Manage Hypercompute Clusters with GKE

This page shows you how to manage Hypercompute Clusters with GKE (Preview), including the following common events relevant to GKE clusters and AI workloads:

Host maintenance
Cluster upgrades
Faulty host reporting

Manage host maintenance for AI workloads

GKE nodes run on virtual machines (VMs) that periodically experience host events that can be disruptive to AI workloads. Since host events occur on the underlying Google Cloud infrastructure, they bypass GKE maintenance windows and exclusions. While most Compute Engine VMs have their host maintenance policy set to live migrate, which minimizes the disruption of workloads, GPUs and TPUs don't support live migration. When these host events affect your GKE nodes running AI workloads, GKE has to terminate the node and the Pods running on the node. If the Pods are deployed as part of a larger workload like a Job or Deployment, GKE attempts to restart the Pods on the affected node.

To learn more about managing host maintenance of the underlying VMs, see Manage GKE node disruption for GPUs and TPUs.

Monitor host maintenance events

For clusters running GKE version 1.31.1-gke.2008000 or later, you can view the scheduled start time of the host maintenance event in the following way. The start time is represented by Kubernetes node labels on the corresponding GKE node for all GPUs and TPUs.

For details, see Monitor maintenance notifications.

With these node labels, you can do the following:

Manually start a host maintenance event
Use host maintenance event information while scheduling your workloads

Manually start a host maintenance event

After Compute Engine issues a notification about a scheduled maintenance event, you can manually start maintenance at a time that aligns with your schedule. For example, you can choose to perform maintenance during periods of reduced activity.

If you don't manually start a host maintenance event, then Compute Engine will automatically complete regularly scheduled maintenance.

Follow the instructions to Manually start a host maintenance event.
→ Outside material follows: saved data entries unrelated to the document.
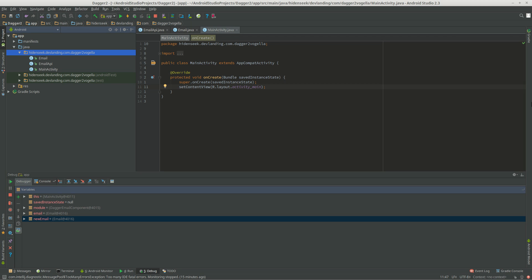So now we set up Dagger. We know with Dagger, it's dependency injection, and the main focus of Dagger is we want to create objects, but we want to reuse them. And I'll show you an example.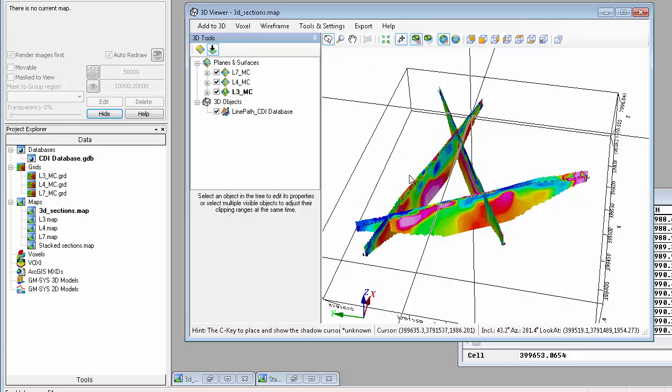So now you've seen how you can quickly plot individual and stacked sections in 2D maps and the 3D Viewer.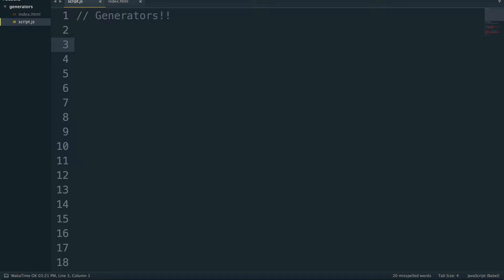Hey everyone, welcome to another episode of Let's Learn ES6. My name is Ryan Christiani. If you're new to this series, Let's Learn ES6 is about looking at some of the new features available to us in ES6, breaking them down and letting you see how they work. Today I'm going to look at generators. We're nearing the end of the video series, and I will be having another video series coming up soon.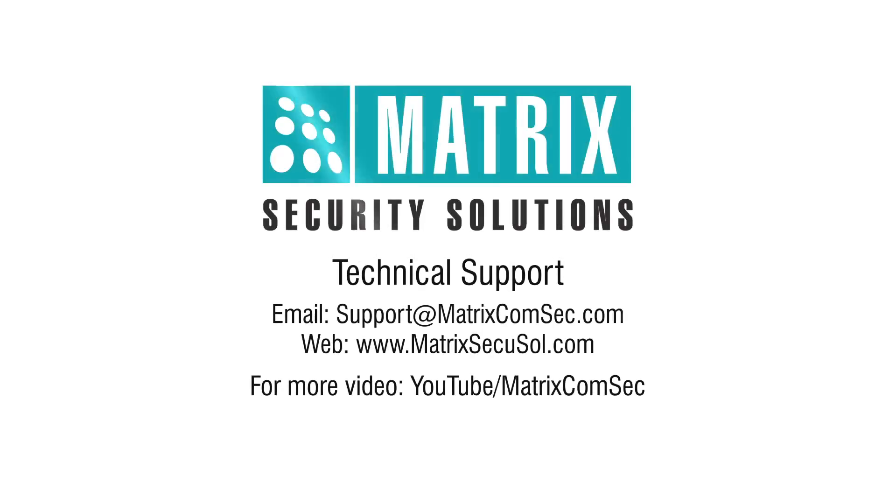Thank you for watching this video. For further queries, please contact Matrix Technical Support Team.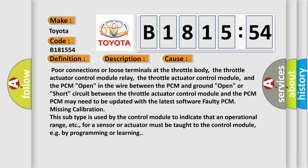This diagnostic error occurs most often in these cases: Poor connections or loose terminals at the throttle body, the throttle actuator control module relay, the throttle actuator control module, and the PCM. Open in the wire between the PCM and ground, open or short circuit between the throttle actuator control module and the PCM.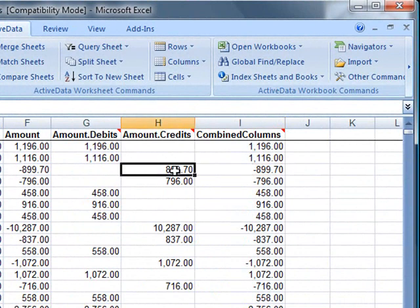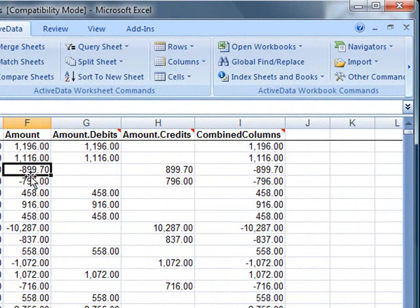Here we can see the individual columns that we created by splitting and then recombining the debits and credits.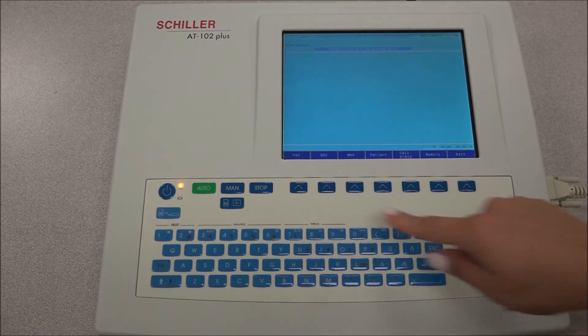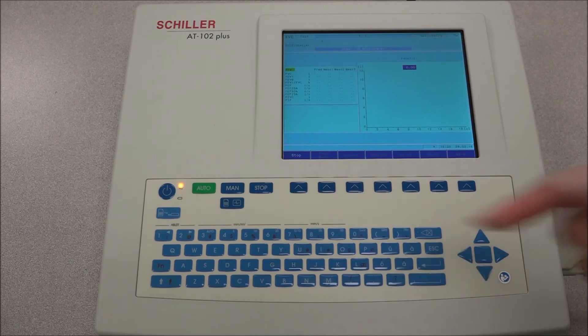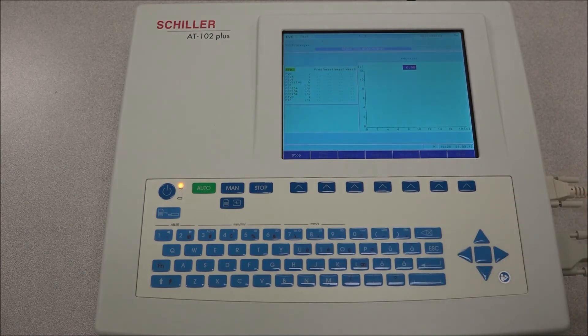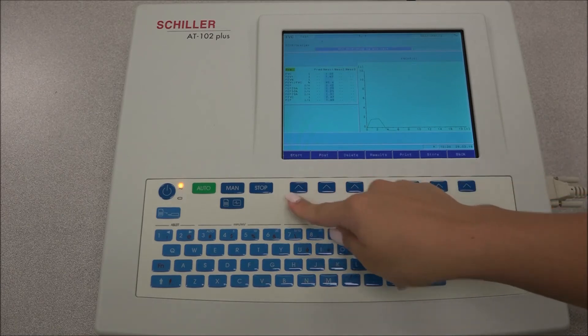The procedure for all tests is the same. Press the AUTO START key to begin the test. Once the test is completed, press the STOP key. It is recommended that a minimum of three measurements are taken.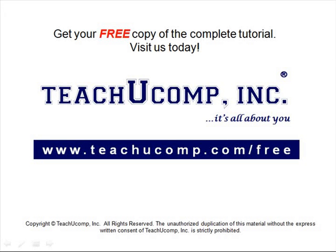Get your free copy of the complete tutorial at www.teachucomp.com forward slash free.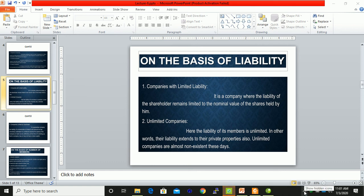Bismillah ar-Rahman ar-Rahim. I am Sahid Ar-Fallullah, Advocate Corporate Law, Peshawar High Court and a visiting lecturer at Abasyan University, Peshawar.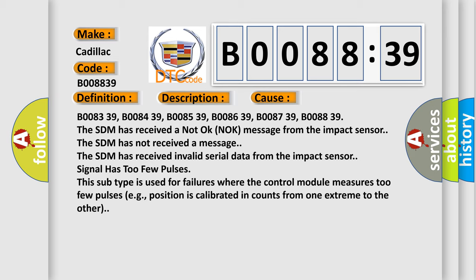B008339, B008439, B008539, B008639, B008739, B008839. The SDM has received a not OK knock message from the impact sensor. The SDM has not received a message. The SDM has received invalid serial data from the impact sensor. Signal has too few pulses.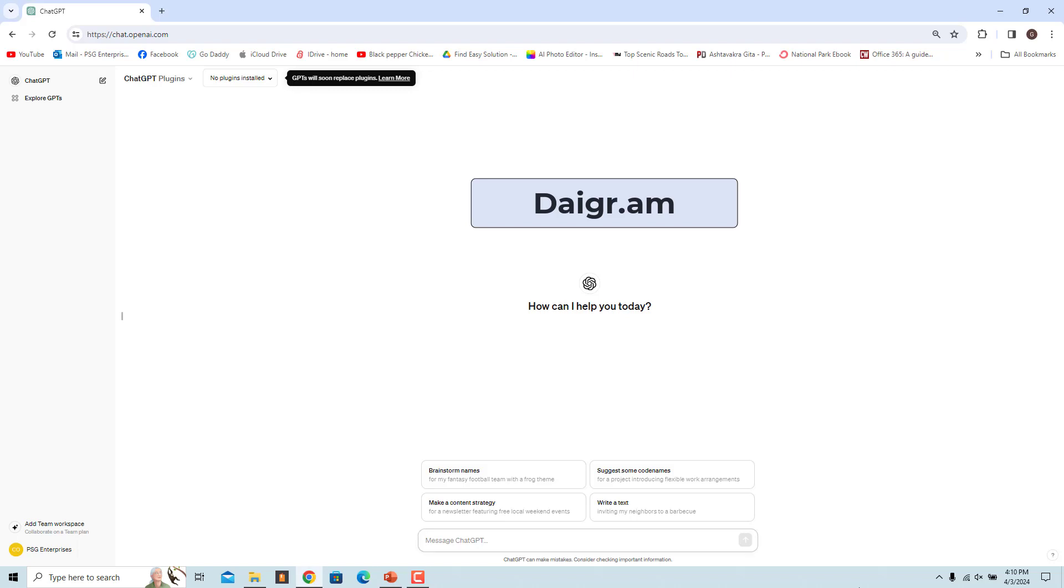The Diagram GPT, spelled as D-A-I-G-R-A-M, is a tool that allows you to create various types of charts and graphs directly from the chat interface. The GPT takes structured data as input and generates a visual presentation as output.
Also, continue reading this section to learn the following:

Use host maintenance information while scheduling your workloads

You can use the maintenance information surfaced through GKE node labels along with node affinity and anti-affinity to minimize disruption to your workloads.

See the following sections for examples of how to use this information.

Schedule Pods to nodes that have no future scheduled maintenance events

You can instruct GKE to only schedule Pods to nodes that have no future scheduled maintenance events, such as with the following snippet:

spec:
  affinity:
    nodeAffinity:
      requiredDuringSchedulingIgnoredDuringExecution:
        nodeSelectorTerms:
        - matchExpressions:
          - key: cloud.google.com/scheduled-maintenance-time
            operator: DoesNotExist

Schedule Pods to nodes that have maintenance scheduled after a certain date

You can instruct GKE to only schedule Pods to nodes that have maintenance scheduled after a certain date by providing the Unix epoch time:

spec:
  affinity:
    nodeAffinity:
      requiredDuringSchedulingIgnoredDuringExecution:
        nodeSelectorTerms:
        - matchExpressions:
          - key: cloud.google.com/scheduled-maintenance-time
            operator: Gt
            values:
            - 1733296000

Manage GKE cluster upgrades for AI workloads

AI workloads are sensitive to disruption.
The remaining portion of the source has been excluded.